BEGIN DATASET EXTRACT

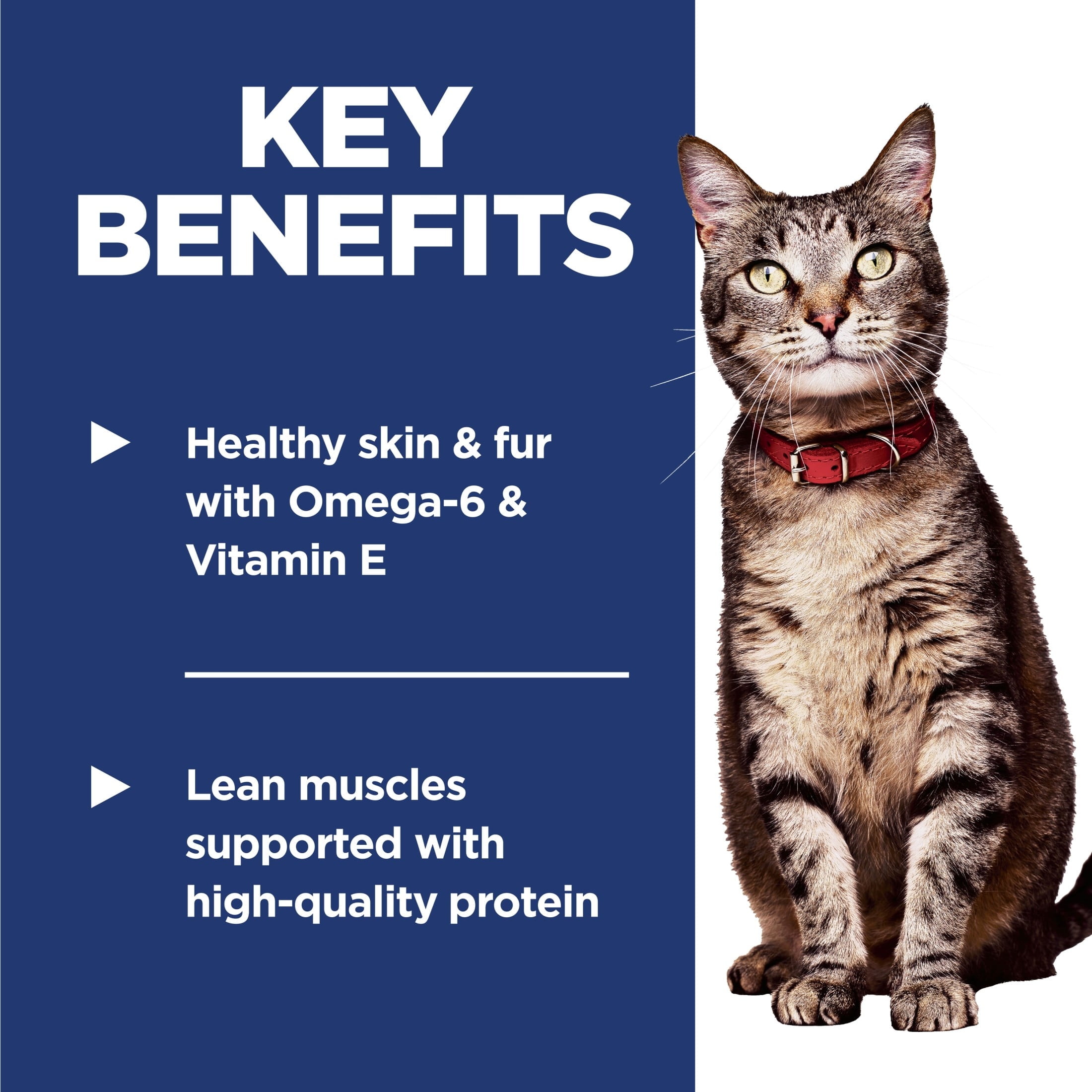 Hill's Science Diet Chicken Dry Cat Food, 16lb Bag - Image 2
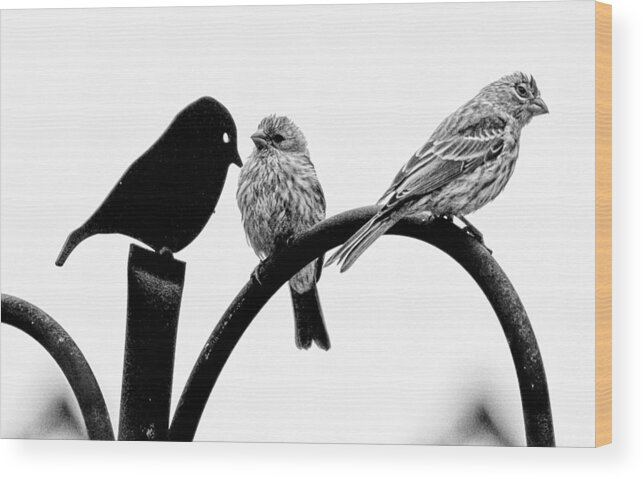 Birds Wood Print featuring the photograph Jealousy by Briana K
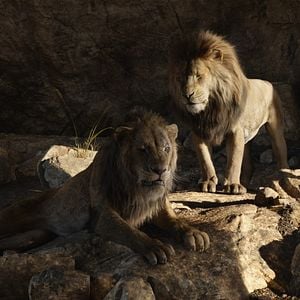 Foto El Rey León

END DATASET EXTRACT

*TASK DIRECTIONS*.
Every line above is to be reproduced verbatim, and the pictures are to be omitted.

*REPLY*.
 Hill's Science Diet Chicken Dry Cat Food, 16lb Bag - Image 2
 Birds Wood Print featuring the photograph Jealousy by Briana K
 Foto El Rey León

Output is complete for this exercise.